One thing that’s helping for stability is removing all the starting and stopping of UDP objects – I think this code is around the forum but with the current firmware there is no timeout and the main thing is just starting the udp object with the device is online. Since we’ve disabled the cloud, setup() isn’t a great place to put code like starting udp since that code runs while the device may not have an IP address (blinking green). I’ve taken to doing the udp objects setup in the following way in loop:

void loop()
{

    //------------------------------------------------------------------------- are we just coming online
    
    bool bOnlinePrev = bOnline;
    
    IPAddress addr = Network.localIP();

    if  (addr[0] == 0 && addr[1] == 0 && addr[2] == 0 && addr[3] == 0){
        bOnline = false;
    } else {
        bOnline = true;
    }
        
    if (bOnline == true && bOnlinePrev == false){
        Udp.begin(localPort);
        UdpOut.begin(outgoingPort);
    }

this seems to help, and we just use flush to deal with things. This seems way more stable then restarting the UDP object, which was kind of voodoo.

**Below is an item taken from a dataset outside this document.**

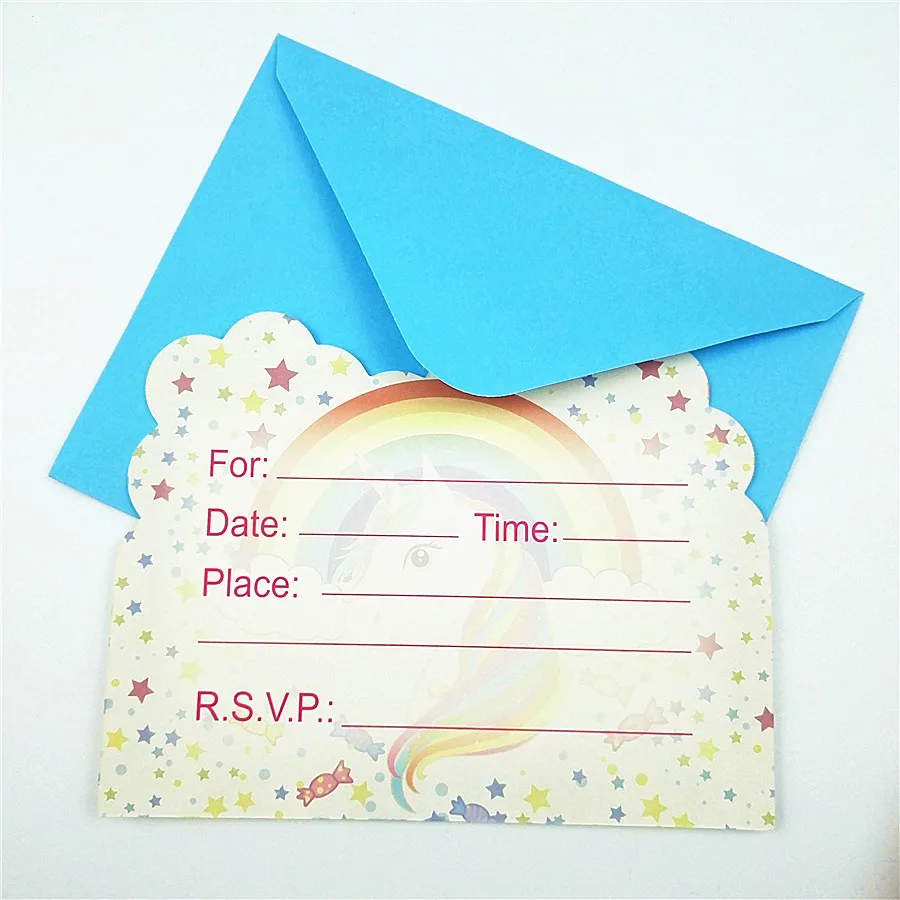  6pcs/set Invitation Card envelopes Unicorn Horse Kids Birthday party supplies baby shower event uni - 33004528864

@firmread has switched to one UDP object, which also seems to help.

thanks everyone for the tips and help. this community is great.

@dpursell @bko thanks for super helpful feedbacks, really love how active community in this forum is! We (me and @zach_l) got a good progress today with only one UDP object and got pretty stable send/receive UDP packets between OF and spark core (and yep, without the cloud!). While still not really well documented (yet, it will be), feel free to take a look on our work in progress here: https://github.com/firmread/spark-OF-UDP :slight_smile:

1 Like

here's a software errata about the recvfrom( ) api and "incorrect remote address"

UDP transmission may fail after receiving UDP packet

Description

UDP data transmissions may not work after UDP data reception. Issue is related to incorrect remote IP
address and UDP port obtained by calling the recvfrom API.

Workaround

UDP transmission should not be based on address obtained from the recvfrom API.